Opening night:
22nd March 2008
Director Dušan Jovanović
Dramaturg Katarina Pejović
Set designers Branko Hojnik
Mirsad Begić
Costume designer Jelena Proković
Composer Drago Ivanuša
Language consultant Barbara Korun
Cast:
Matija Rozman - Pedro
Bojan Emeršič, Marko Okorn - Pablo
Maša Derganc - Caetana
Marko Mandić - Baltasar
Jurij Zrnec - Secretary at the Court
Boris Mihalj - Suanza
Jure Henigman - Tall Man, Indian
Aljaž Jovanović - Stout Man, Indian
Radko Polič - Felipe
Arna Hadžialjević - Margerita
Rok Kunaver k.g. - Rivera, Indian
Andrej Hieng's The Conqueror takes place in Mexico at the time of the Spanish conquista.

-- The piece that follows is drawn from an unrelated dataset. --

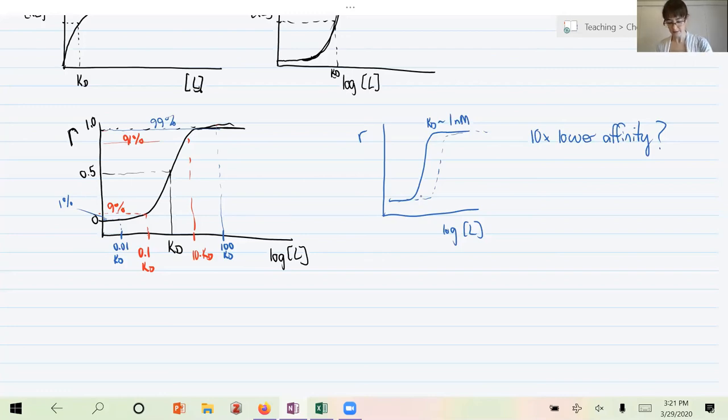To summarize: we derived the Langmuir isotherm, identified the assumptions under which free ligand concentration can approximate total ligand concentration, and showed how to plot the isotherm on both linear and log scales. We also discussed the relevant concentration range — within a hundredfold of KD — over which binding differences are detectable. In the next video we'll move on to the kinetic description of binding; so far we've only discussed equilibrium, not how fast binding occurs.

Don Felipe (based on the historical character of Hernán Cortés) conquers the country with only a small army and religious fervour. Eight years later, the situation starts to get complicated. Don Felipe and his soldiers celebrate their victory and wait for a messenger from Spain to arrive bearing Don Felipe’s appointment to viceroy. The formerly victorious soldiers are now exhausted, poor and taciturn. The country has turned into desert, the fields are barren, and the enslaved Indians are dying in huge numbers or fleeing to the mountains. The state is inefficient; chaos and decay are everywhere. Don Felipe, until now a loyal servant to the Spanish crown, has not taken into account the Spanish court's intrigues—his world collapses upon learning that somebody else has been appointed viceroy. Once again he gathers his forces and begins a new conquest, only to return defeated and broken. Now it’s his son Baltasar's turn to fight against the new world order (as a child he had taken part in his father's invasions). Baltasar, however, fights not for high ideals but only for personal revenge. His rebellion is crushed and he is hanged.
The Conqueror is playwright and director Andrej Hieng's first work for theatre. Its first production in 1970 »echoed« throughout the former Yugoslavia, and the play was awarded best Yugoslav play of the year. Despite its historical setting, the play speaks primarily about contemporary issues, particularly about the relationship between the individual and the state or authority. In interviews about the play, Hieng repeated that he had merely expressed some of his own intellectual distresses in dramatic form, just as other authors expressed them in essays or diaries. He found Spain and the historical development and collapse of its colonial empire to be an appropriate metaphor for the collapse of colonial empires in the 20th century.